## WHAT THE TASK REQUIRES:
Could you print the listing again exactly, omitting the pictures?

## DATA SECTION:
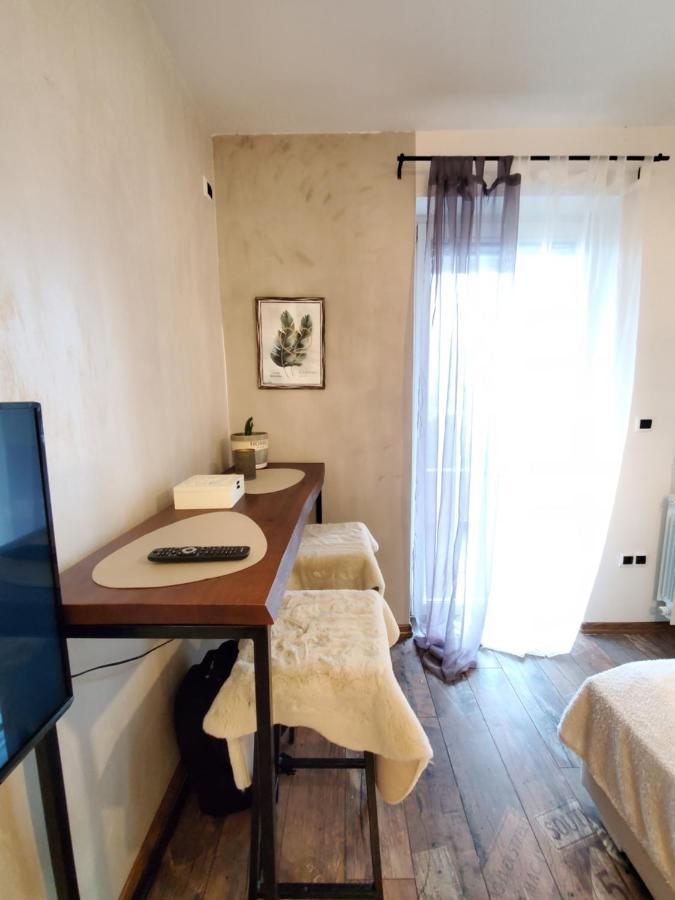 Sleep And Drive Cosy Apartment Sarajevo Bagian luar foto
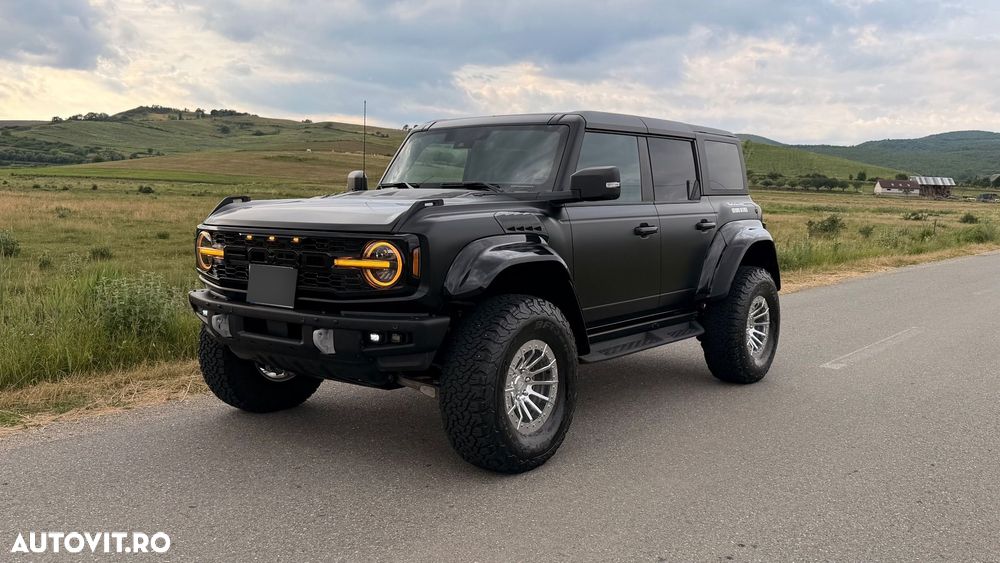 Ford Bronco - 15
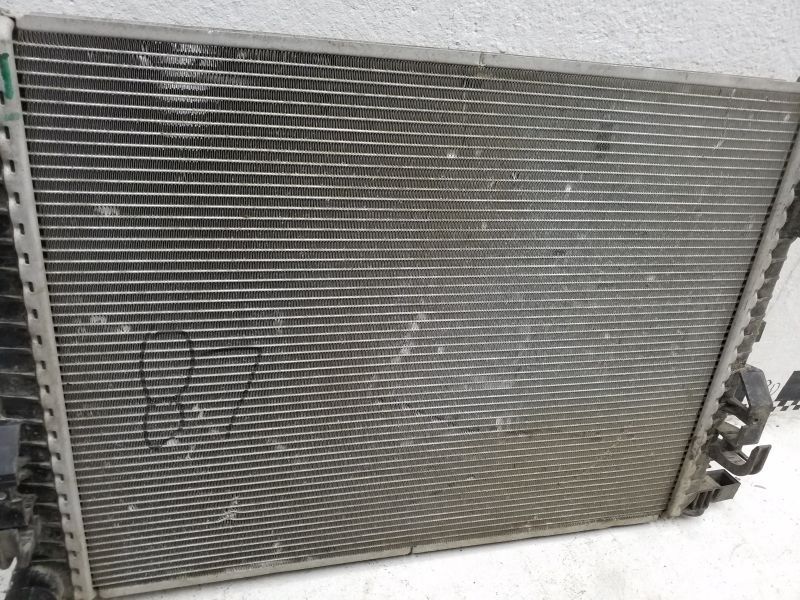 Радиатор охлаждения двигателя Renault Kaptur АКПП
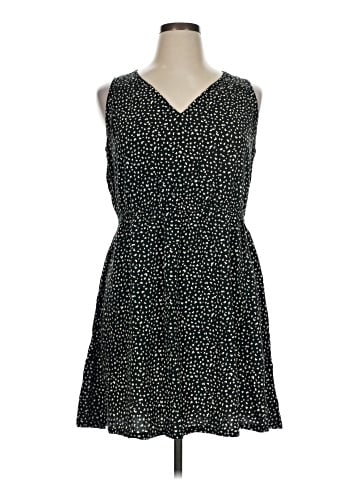 Old Navy Casual Dress (view 1)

## RESPONSE:
 Sleep And Drive Cosy Apartment Sarajevo Bagian luar foto
 Ford Bronco - 15
 Радиатор охлаждения двигателя Renault Kaptur АКПП
 Old Navy Casual Dress (view 1)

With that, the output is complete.